When events are generated, the event structure contains the type of the event, a copy
of the match_bits used along with the hdr_data (if available) along with other data.
Since Portals Put/Get operations do not return a handle, the user must determine which 
operation the event was associated with via the context contained in the event structure.
Fortunately, the GASNet implementation uses only a handful of MDs so that most of the
64-bits in the match-bits can be used to hide information (masked off by the MDs
ignore-bits) to associate the event with the corresponding GASNet operation.

Full details of the Portals software interface can be found in:
"The Portals 3.3 Message Passing Interface, Revision 1.0" authored by Ron Brightwell,
Arthur B. Maccabe, Rolf Riesen and Trammell Hudson in May of 2003.

Memory Descriptors uses in the GASNet Implementation
----------------------------------------------------
RAR    - covers the local GASNet memory segment.  It has no EQ but will generated
         ACK events if requested.  It is linked on the Portals Table and is intended
	 as the target of remote GASNet Put/Get operations.
RARSRC - Also covers the local GASNet memory segment.  It is free floating and used as
         the Src MD of a Put or dest MD of a Get when the data happens to reside in
	 the GASNet segment and events are needed.  It is also used as the target of
	 AMLong Reply operations.  It generates events on the SAFE_EQ event queue.
RARAM  - Also covers the local GASNet memory segment and is associated with the AM_EQ
         event queue.  It is used as the target of AMLong Request operations.
	 This MD is also linked on the Portals Table.
ReqSB  - This MD covers a local send buffer that is divided into "chunks", that get
         allocated and freed for use by various GASNet communication operations.  It
         is associated with the SAFE_EQ.  It is used as the source of AM Requests, the
         destination of AM Reply operations, and as a pre-pinned bounce-buffer for
	 small Put and Get operations.  This MD is linked through the Portals Table.
RplSB  - This free-floating MD covers a local send buffer, also divided into 
         allocatable "chunks".  It is associated with the SAFE_EQ and used as the 
         source of AM Reply operations.
ReqRB  - These MDs are the only "Locally Managed" MDs used by GASNet.  They are associated
         with the AM_EQ and are used as the target of AM Request operations.  They are
	 linked on the Portals Table.
CB     - This MD is always linked at the end of the chain of ReqRB MDs and has the
         same match bits as ReqRB.  If an operation makes it to this MD, it represents
         a ReqRB overflow and results in a fatal error.  Its called the "catch-basin" MD.
TMPMD  - These MDs are temporary and free floating.  They are used as the source of large
         Put and destinations of large Get operations where the local data is not in
         the GASNet segment (RAR) and is too big to fit into a ReqSB bounce buffer.
SYSMD  - This memory descriptor is associated with a zero-length buffer and SYS_EQ 
         event queue.  This MD is used to send zero-length out-of-band system messages
         between the nodes.  All the information in the messages is contained in the
	 hdr_data and unused portions of the match-bits.
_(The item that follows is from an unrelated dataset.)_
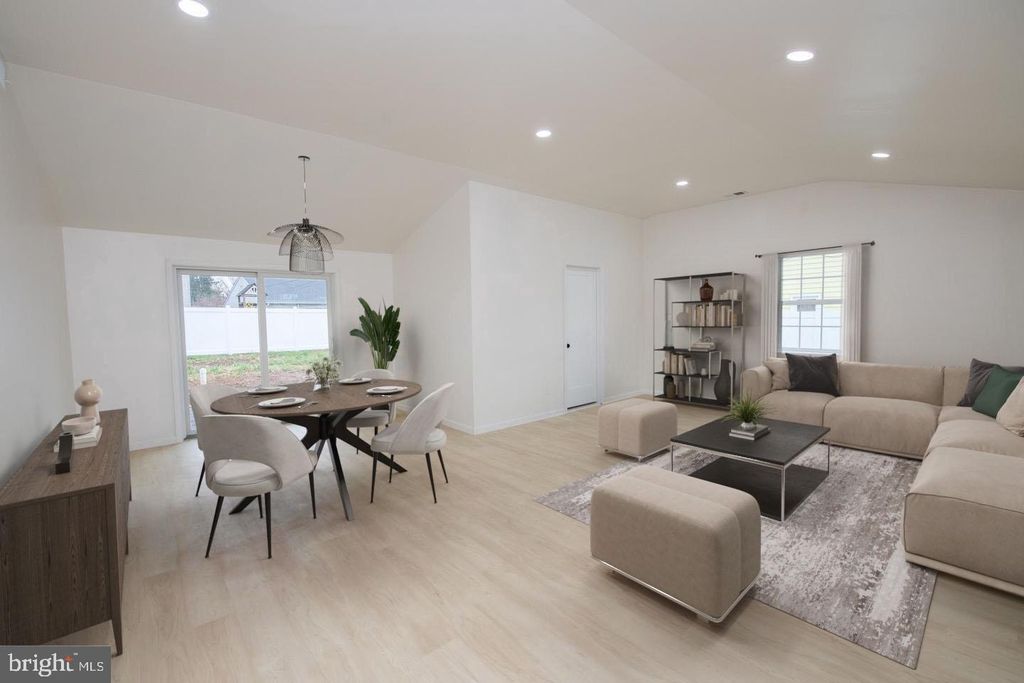 30 MISTLETOE LN, Levittown, PA 19054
Event Queues used in the GASNet Implementation
----------------------------------------------
SAFE_EQ - The events on this queue can be polled and processed at any time.  They
          represent the completion of operations and will generatlly result in the
	  release of resources.  The operations associated with these events will
	  never require the acquisition of additional resources.
AM_EQ   - This event queue is only associated with the ReqRB buffers.  Events on this
          queue will result in the execution of AM Request handlers that will require
	  sending AM Reply messages.  This EQ can only be polled when resources are
	  guaranteed to be available to complete the AM Reply message.
SYS_EQ  - The event queue used to send/recv out-of-band system messages between nodes.
          It is used during program termination and in the dynamic re-distribution of
          flow-control credits.

The System Event Queue
----------------------
The SYS_EQ is used for out-of-band management messages sent between nodes.
The messages are short and all the information can be packed into the unused 
match-bits and hdr_data of the underlying PtlPut operations.  In order to limit
the size of the event queue, each node can have at most one outstanding message
to any other node at a time.  For this reason, each message must have a corresponding
reply or acknowledgement.
The SYS_EQ is used for clean shutdown operations and to implement the dynamic
credit re-distribution algorithm.
When a thread polls the network, it processes all available events on the SYS_EQ
before attempting to process any events on either the SAFE_EQ or the AM_EQ.

The Implemention of GASNet Put and Get Operations
-------------------------------------------------
All GASNet Put operations send data to the RAR of a remote node and all GASNet Get
operations pull data from the RAR of a remote node.  The remote node does not
have to be informed of the delivery (or theaft) of this data so the GASNet operations
target the RAR MD, which has no EQ associated with it.  However, in the case of
a GASNet Put operation, the underlying PtlPut operation requests an ACK event to
be sent back to the sender when the data has arrived.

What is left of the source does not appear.